DBA vervangt VAR
Op 2 februari 2016 heeft de Eerste Kamer het wetsvoorstel ‘deregulering beoordeling arbeidsrelaties’ aangenomen. De Wet deregulering beoordeling arbeidsrelaties (DBA) treedt per 1 mei 2016 in werking. De huidige Verklaring Arbeidsrelatie (VAR) zal worden vervangen door (model)overeenkomsten die vooraf door de Belastingdienst zijn goedgekeurd.
VAR-verklaring
Tot 1 mei 2016 hoeft de opdrachtgever geen loonheffingen in te houden en af te dragen indien de opdrachtnemer beschikt over een VAR winst uit onderneming (WUO) of een VAR directeur-grootaandeelhouder (DGA). Sinds 2005 is hij bovendien gevrijwaard van de naheffing van loonheffingen wanneer blijkt dat de VAR WUO of VAR DGA achteraf op onjuiste gronden is afgegeven.
DBA
Vanaf 1 mei 2016 kunnen partijen gebruikmaken van door de Belastingdienst opgestelde voorbeeldovereenkomsten van opdracht, dan wel van een eigen overeenkomst van opdracht die vooraf door de Belastingdienst is goedgekeurd. De Belastingdienst beoordeelt in dat geval of de relatie niet kwalificeert als een (fictieve) dienstbetrekking.

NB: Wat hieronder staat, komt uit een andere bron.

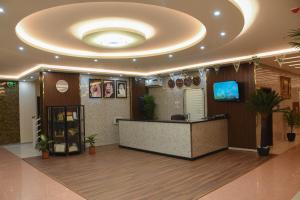 a lobby with a reception desk and a circular ceiling at Florida Inn Hotel in Najran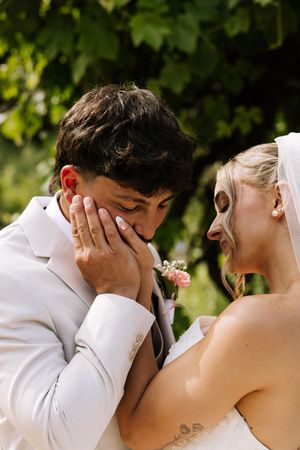Emotional groom in white suit covers his face as bride in veil smiles tenderly in garden setting.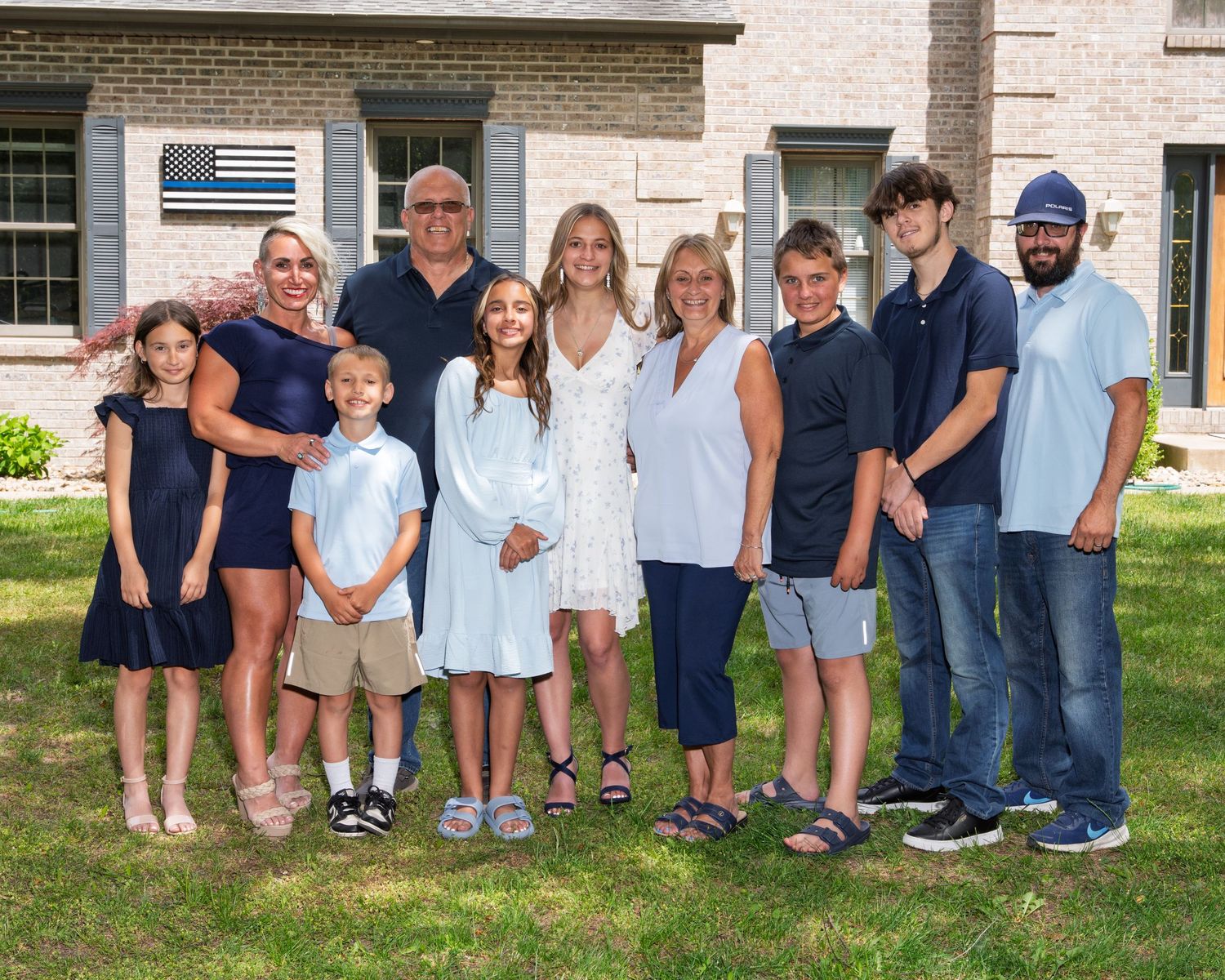 A large extended family smiles together outdoors on a green lawn in front of a brick home.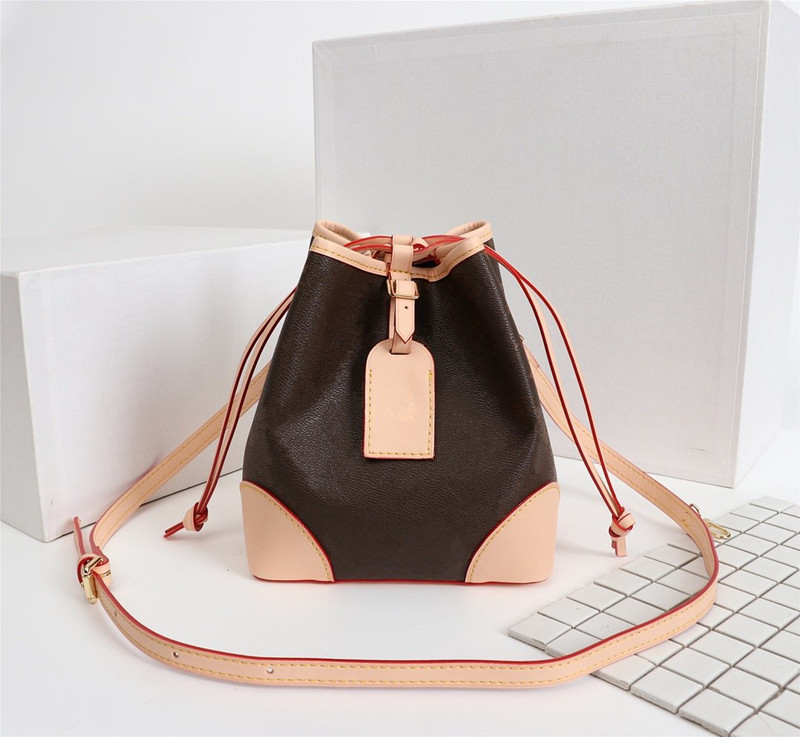 Designer handbag fashion ladies shoulder bag diagonal package high quality leather luxury bucket bag L flower new free shipping, White-orange
Designer handbag fashion ladies shoulder bag diagonal package high quality leather luxury bucket bag L flower new free shipping, White-orange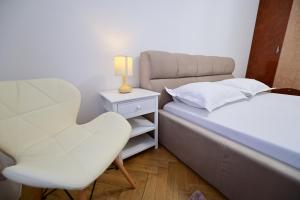 a small bedroom with a bed and a chair at FLH - Kaly's Place in Sibiu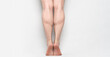 © Anciens - tiptoed people showing his strong gastrocnemius
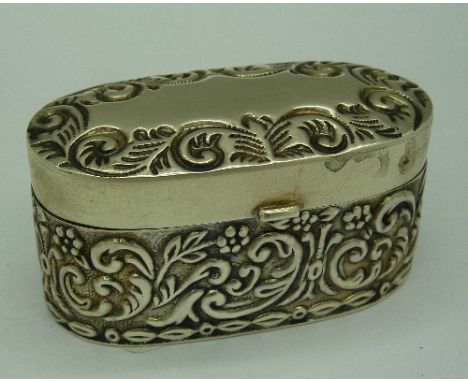 A modern white metal trinket box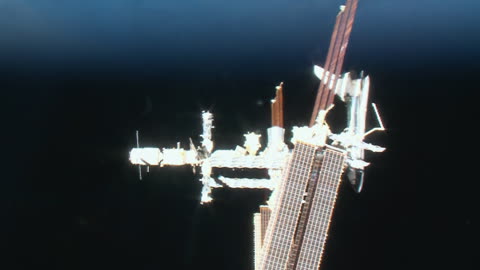 The Space Shuttle docked to the ISS with the planet Earth in the background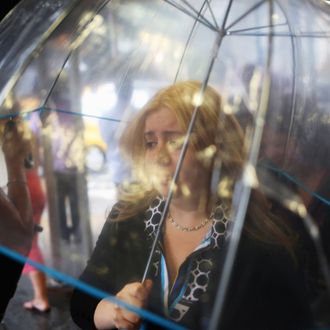  A woman walks through the rain under an umbrella on 5th Avenue in Midtown Manhattan on July 15, 2014 in New York City. 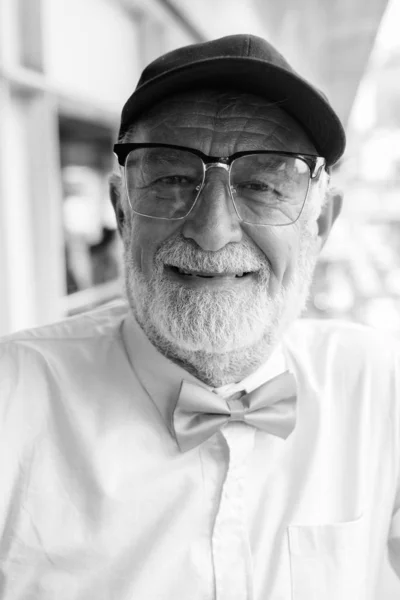 Yakışıklı, sakallı, yaşlı turist şehri siyah beyaz geziyor. — Stok fotoğraf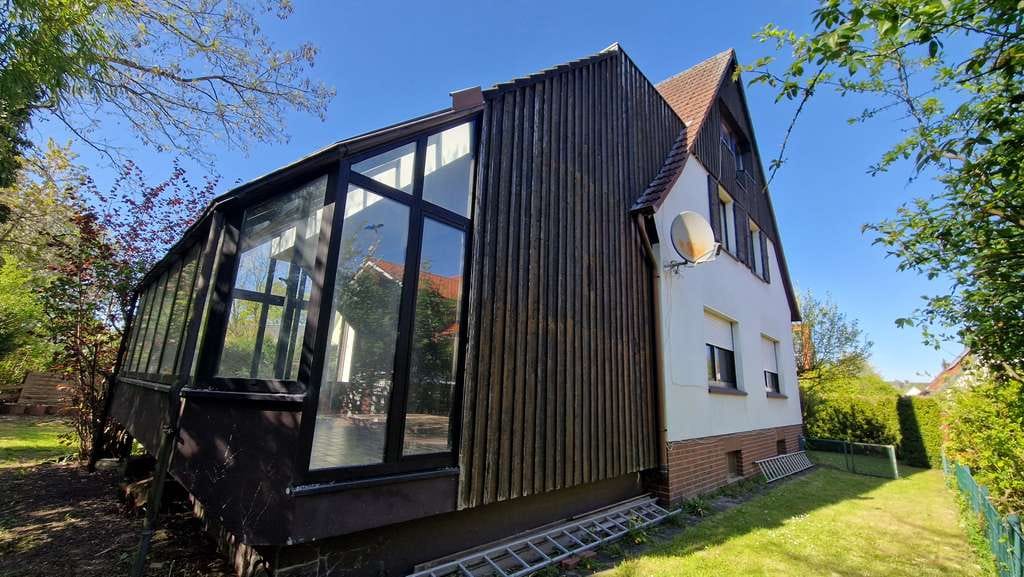 Immobilie in Hasbergen - Idyllisches Ein- Zweifamilienhaus mit großem Potenzial in zentraler Lage von Hasbergen  - Bild 1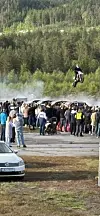 Motorsyklist hoppar over bil framfor ein folkemengd.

Wordt er gewerkt volgens een door de Belastingdienst opgestelde voorbeeldovereenkomst of van een vooraf beoordeelde overeenkomst, dan hoeft de opdrachtgever geen loonheffingen in te houden en af te dragen. Het is overigens niet verplicht gebruik te maken van een door de Belastingdienst opgestelde of een vooraf beoordeelde overeenkomst. Wanneer dit niet wordt gedaan, heeft de opdrachtgever geen zekerheid vooraf dat hij geen loonheffingen hoeft in te houden en af te dragen.
Het oordeel van de Belastingdienst heeft een geldigheidsduur van vijf jaar vanaf de datum van de goedkeuring. Opdrachtgever hoeft gedurende deze vijf jaar geen loonheffingen af te dragen of te voldoen en is bovendien gevrijwaard van de naheffing van loonheffingen, mits:
1. Partijen in de praktijk daadwerkelijk handelen conform hetgeen zij overeen zijn gekomen in de door de Belastingdienst beoordeelde overeenkomst;
2.
De relevante wet- of regelgeving niet wijzigt gedurende die vijf jaar;
3. De rechtspraak gedurende die vijf jaar niet wijzigt. Uitdrukkelijk is opgemerkt dat de rechtspraak aanleiding kan zijn het oordeel over deze overeenkomst voor de toekomst in te trekken. Daarbij zal de Belastingdienst de beginselen van behoorlijk bestuur in acht nemen.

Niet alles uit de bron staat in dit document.